Belle sat back in wonderment at a curiously twenty-first-century attitude for a man alive during the Twenties. “Tracy? I guess that wasn’t a topic for discussion while I was growing up.”
He gave a low whistle. “As a kid, you sure were confused about The Children’s Hour. Your mother was at Massey Hall the night it showed at the screening, so you had to come.” He had been a booker for Odeon Pictures in Toronto, and they’d seen four new releases every week together once she reached Grade One. “You cried because Shirley MacLaine was so sad.”
The large clock on the wall was sending her a message. She turned with reluctance to a more alarming subject. “Cherie says your blisters are getting worse. Let’s see.” She rolled up his pants and nearly gasped in horror. Huge, watery black sacs covered his lower legs.

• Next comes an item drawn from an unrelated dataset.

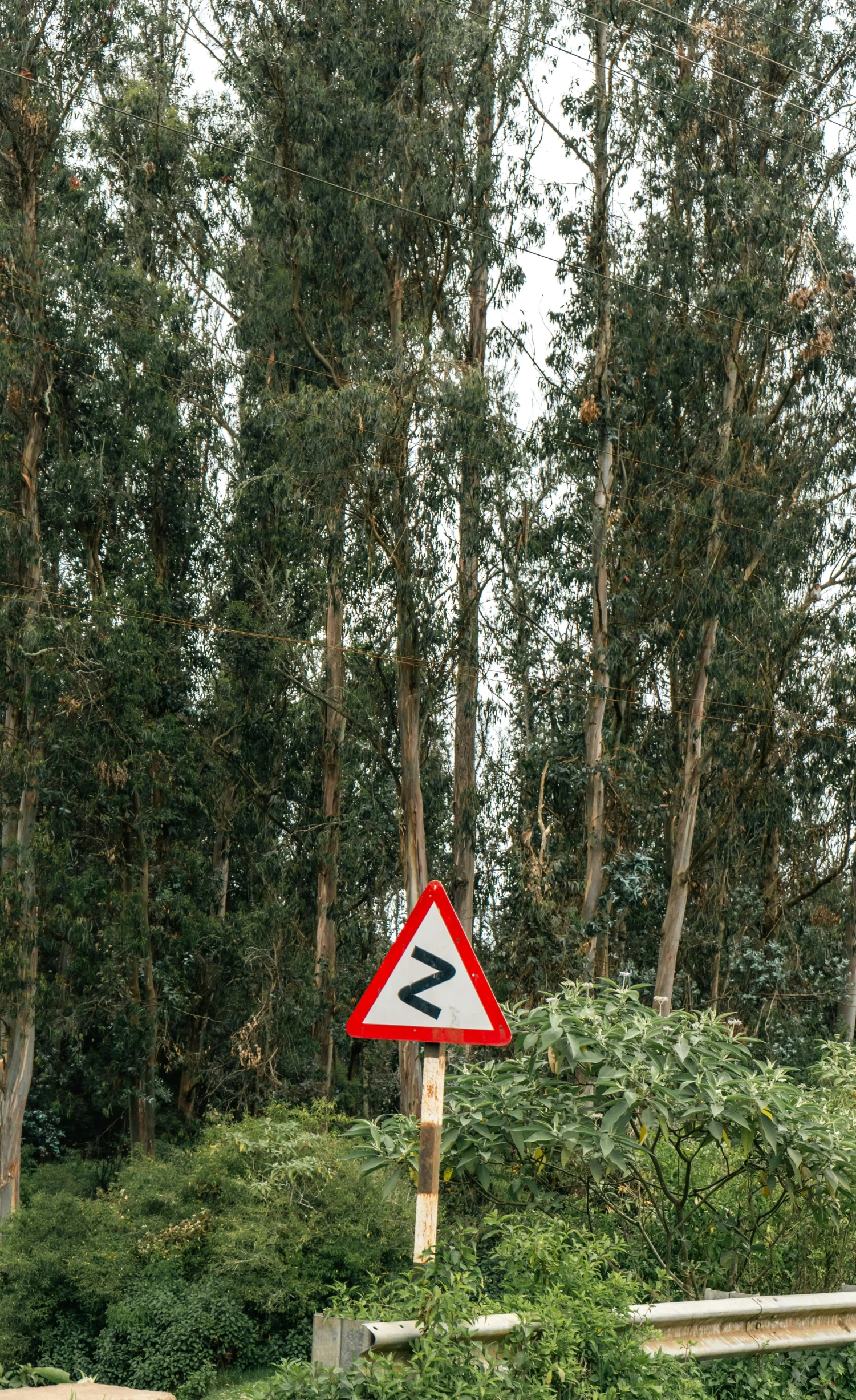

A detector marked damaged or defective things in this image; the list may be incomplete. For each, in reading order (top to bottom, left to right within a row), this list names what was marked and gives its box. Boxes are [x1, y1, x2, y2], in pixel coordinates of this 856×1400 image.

rusty pole [413, 1041, 445, 1260]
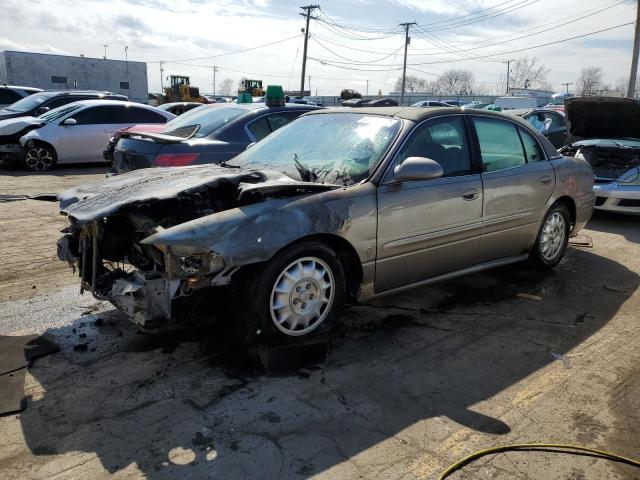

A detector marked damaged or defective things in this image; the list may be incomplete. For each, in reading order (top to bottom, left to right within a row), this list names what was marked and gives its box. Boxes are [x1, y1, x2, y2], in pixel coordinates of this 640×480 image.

broken headlight area [58, 218, 228, 330]
damaged tan sedan [56, 109, 596, 342]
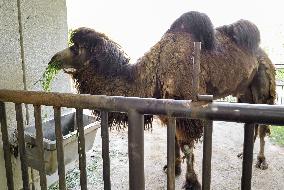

“They don’t hurt. Not one bit.”
“A saving grace.” She tried not to shudder. Was he merely being brave, or was some more pernicious condition festering, like diabetes?
Making a note to tell the nurse to have the doctor check her father on the weekly visit, she left the nursing home. Something was very wrong here. For once she wished she lived down south with a lion’s share of specialists . . . or in the States, with money up front and no waiting.